Priests and children alike hurry along as the cool breeze twists the almost-white nutellas and gabbies covering every head. Donkeys, sheep and the occasional camel zig-zag back and forth as they’re coaxed down the single, dusty, busy thoroughfare. Suk owners diligently sweep the constantly reappearing silt from their steps while keeping an attentive eye on passing pedestrians. Dingy bus boys shout “Wukero, Wukero, Wukero,” as though the road leads to more than one place. The harsh Ethiopian sun always rises a little brighter on Saturdays. It’s market day in Atsbi.

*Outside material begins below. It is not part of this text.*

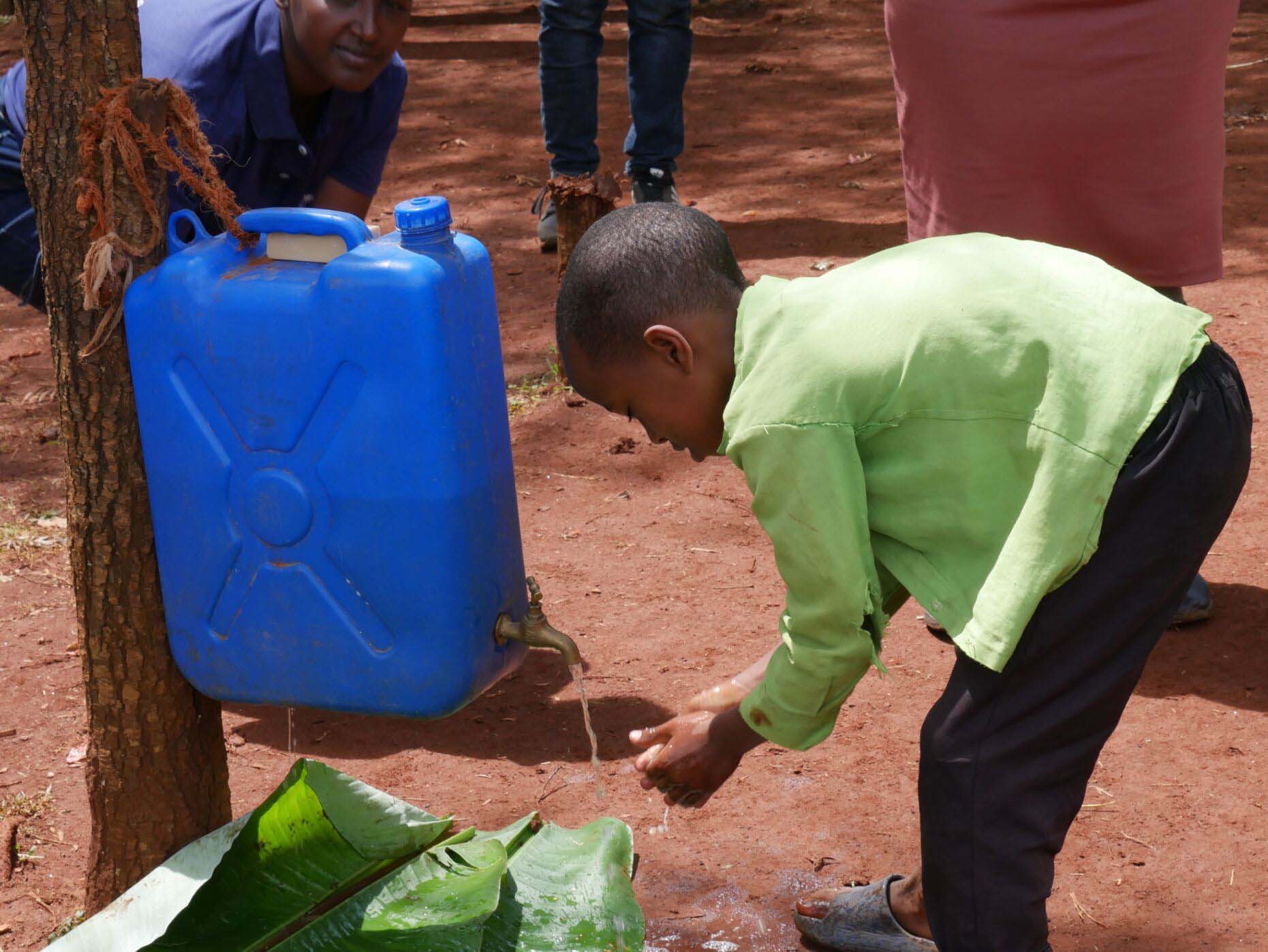 Child stoops to wash hands outside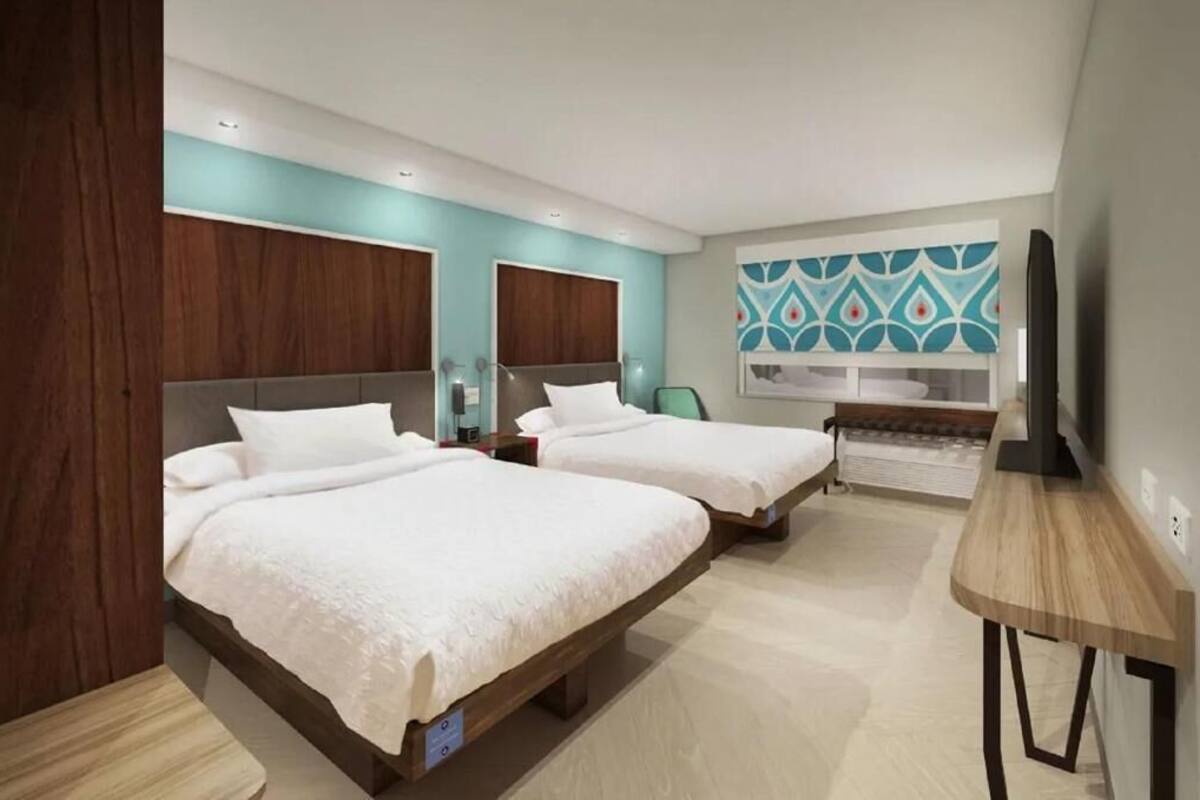 A modern hotel room with two beds, a wooden desk, and a TV.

Ethiopians keep their to-do lists tucked neatly away in their heads, but the first errand on the busiest day of the week is always a tiny cup of tea and a little, round loaf of dense bread. Whether in a café, a dark room tucked away in a hidden compound, or in the snotty hand of a smiling child, breakfast comes with a dose of Tigrinia music. Boom-boom, boom-boom, boom-boom. The day follows a similar, perpetual rhythm.

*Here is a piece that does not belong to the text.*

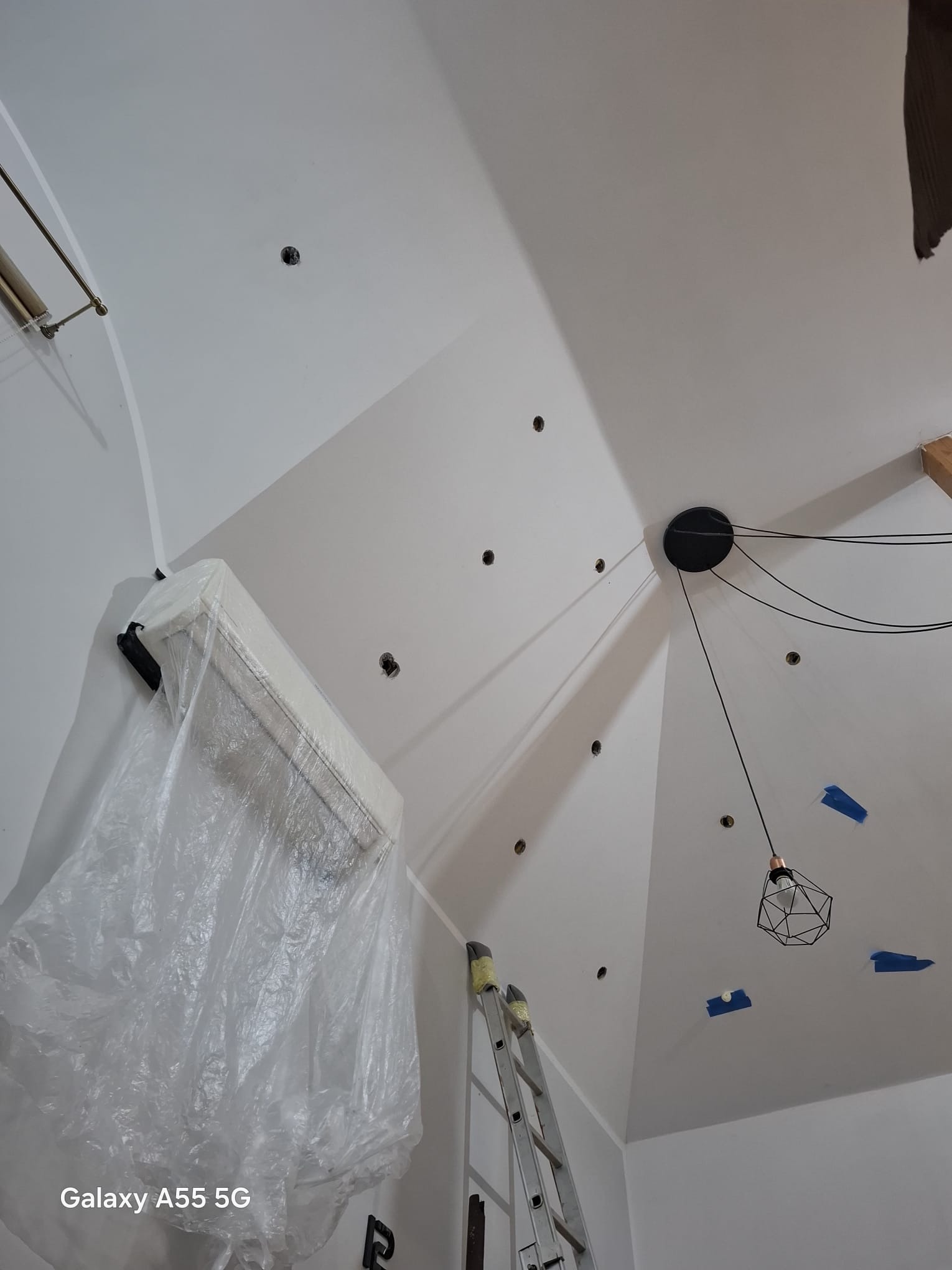 Poddasze po przygotowaniu do prac: zabezpieczony klimatyzator folią, drabina, otwory w suficie, lampa wisząca, niebieska taśma malarska. Białe ściany i sufit.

As the sun finds it’s way to the middle of the sky, everyone finds his or her way to the market grounds. Swarming masses of people expertly maneuver through a maze of pointy piles of goods and lean-to stalls as they search for just the right sized head of cabbage. Everyone buys and everyone sells. Spicy, tantalizing smells waft from heaps of colorful, exotic spices. One-kilo blocks of salt are arranged next to refilled bottles of reddish palm oil, which are arranged next to mismatched plastic shoes. The chaotic mess has an unusual, constant flow that works. And works well.

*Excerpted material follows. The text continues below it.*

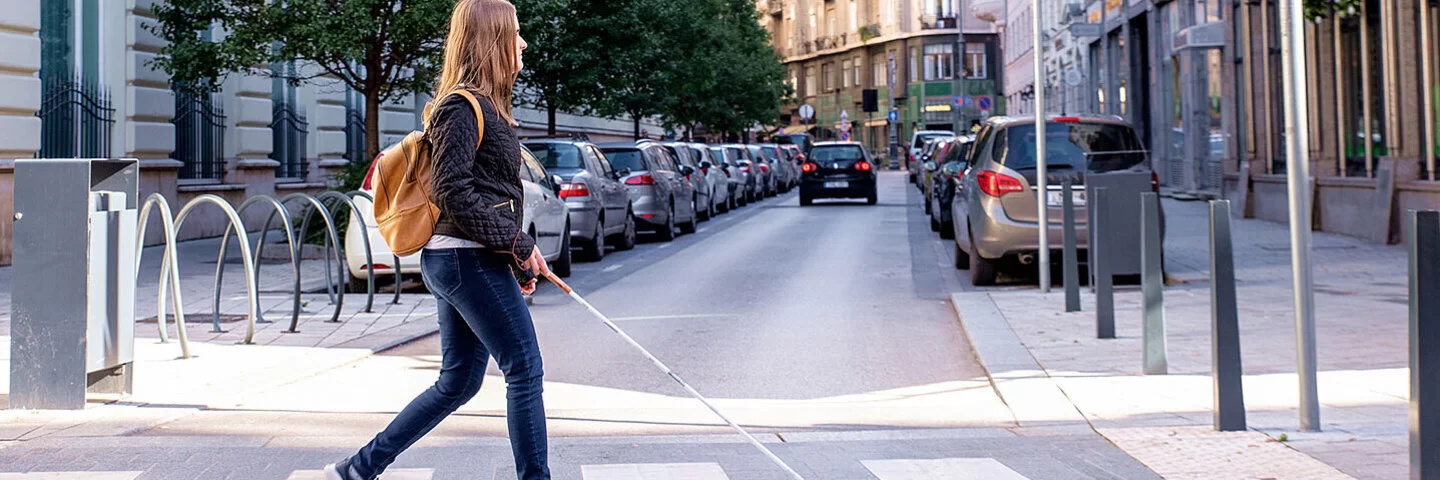Frau mit Blindenstock kreuzt sicher eine Straße auf dem Zebrastreifen in der Innenstadt.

The disorder seems only to occupy one part of town at a time. When baskets are full of potatoes to last a week, festal boys have sold all their bags and nothing remains at the north end of town but squashed tomatoes and hungry pigs, the chaos moves inside. Shopkeepers have stocked the shelves for this very moment. Even the tiniest spaces can fit a crowd of waiting customers. Wobbly ladders bravely support men, women and children trying to reach soap, cookies, fingernail polish and pens. They’re good at math. There’s no time to waste with calculators as ratty one-birr bills change hands.
Once again the wana mangadi, main road, is congested. This time the priests and children alike are hurrying along in the other direction. Walking sticks balanced on their shoulders hold satchels full of the day’s prizes. It’s enough to last a week. As the shadows grow longer the buzz dies down. Only a faint boom-boom, boom-boom, boom-boom can be heard escaping from the darkened doorways. It’s market day in Atsbi.